■ **Material to process**:
※ ※ ※
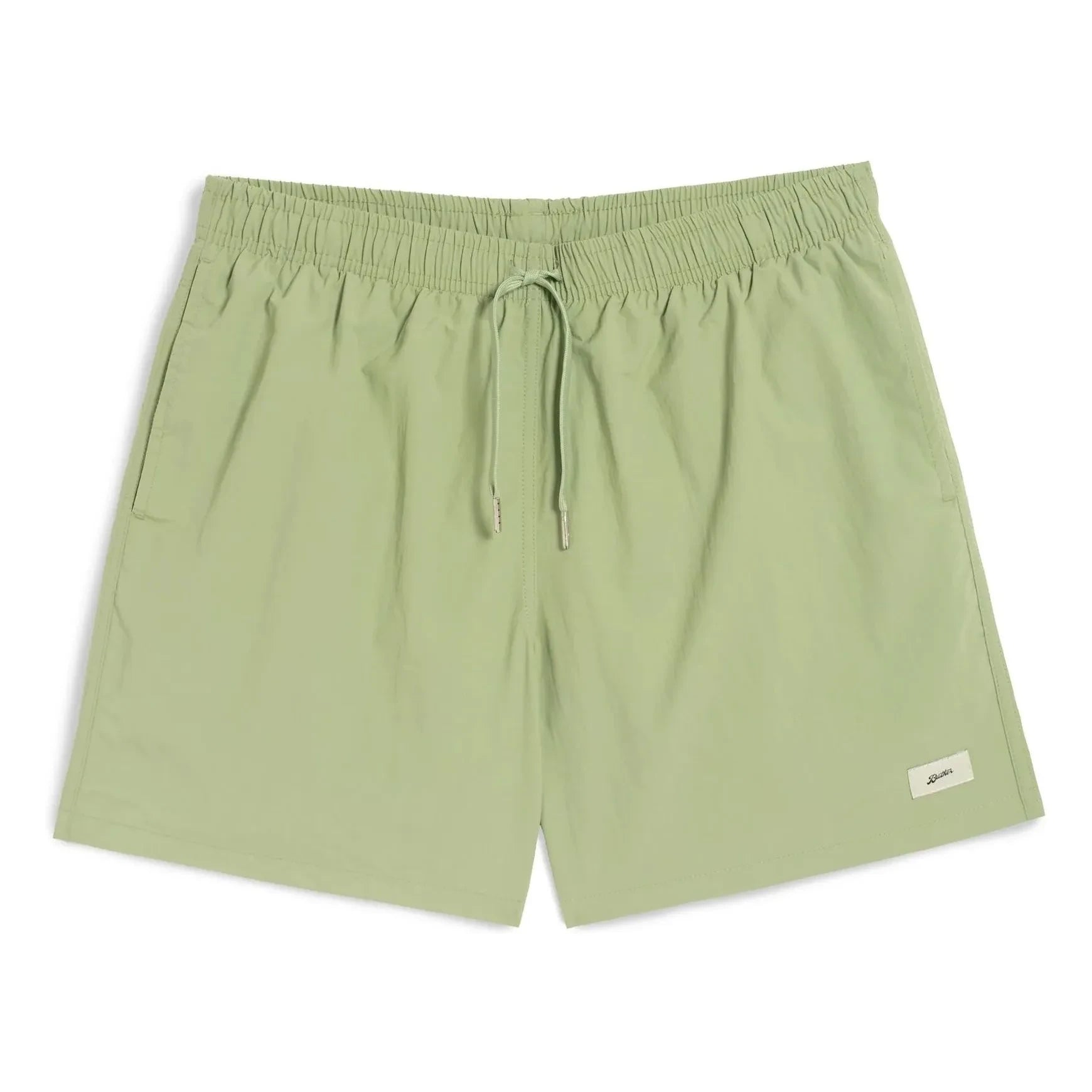 Bather - Solid Yüzme Şortu | Haki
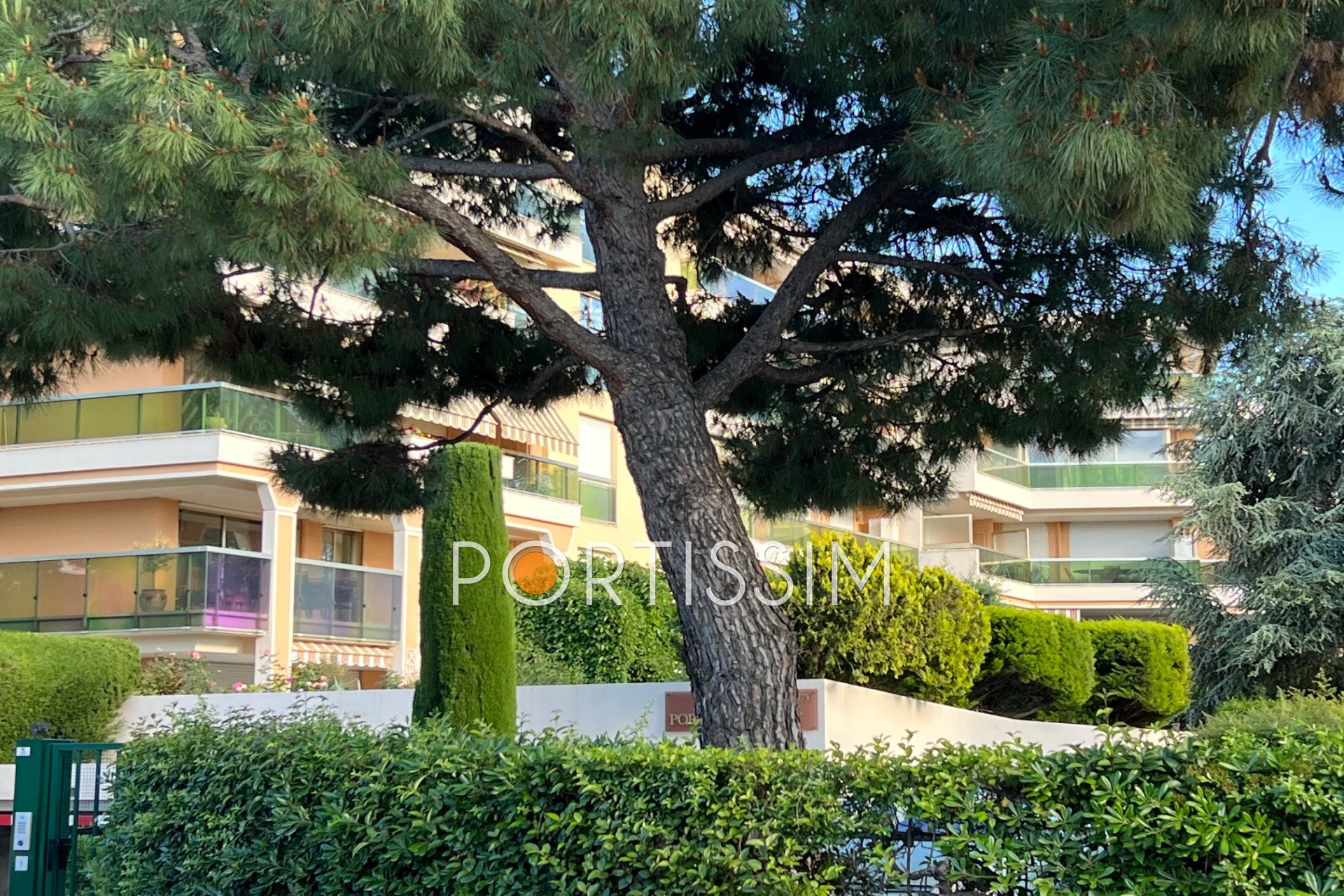 Appartement à vendre, 88m², Saint-Laurent-du-Var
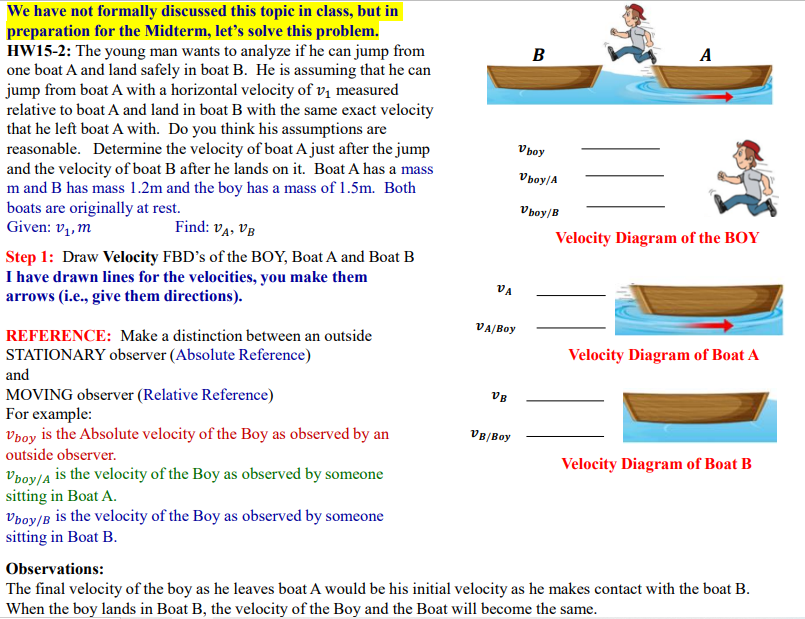 Solved Answer the problem using the given outline and the | Chegg.com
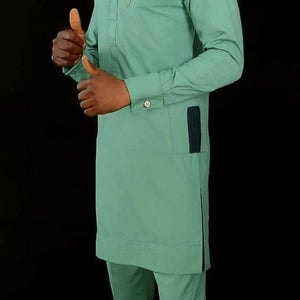 Kaftan for Men Style EXPT 306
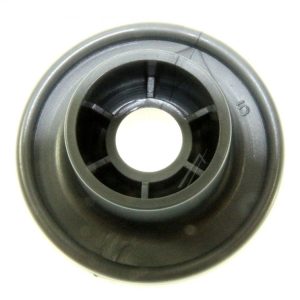 91601253 Ruota cestello inferiore argento Candy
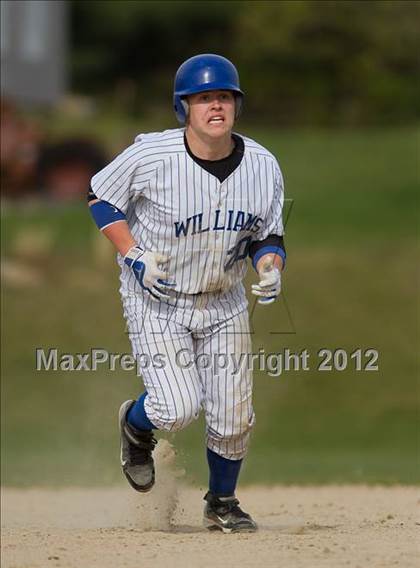 Thumbnail 3 in Chase Collegiate @ Williams photogallery.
※ ※ ※
■ **Exercise brief**:
In your copy of the records above, include every line exactly but no pictures.

■ **Solution**:
 Bather - Solid Yüzme Şortu | Haki
 Appartement à vendre, 88m², Saint-Laurent-du-Var
 Solved Answer the problem using the given outline and the | Chegg.com
 Kaftan for Men Style EXPT 306
 91601253 Ruota cestello inferiore argento Candy
 Thumbnail 3 in Chase Collegiate @ Williams photogallery.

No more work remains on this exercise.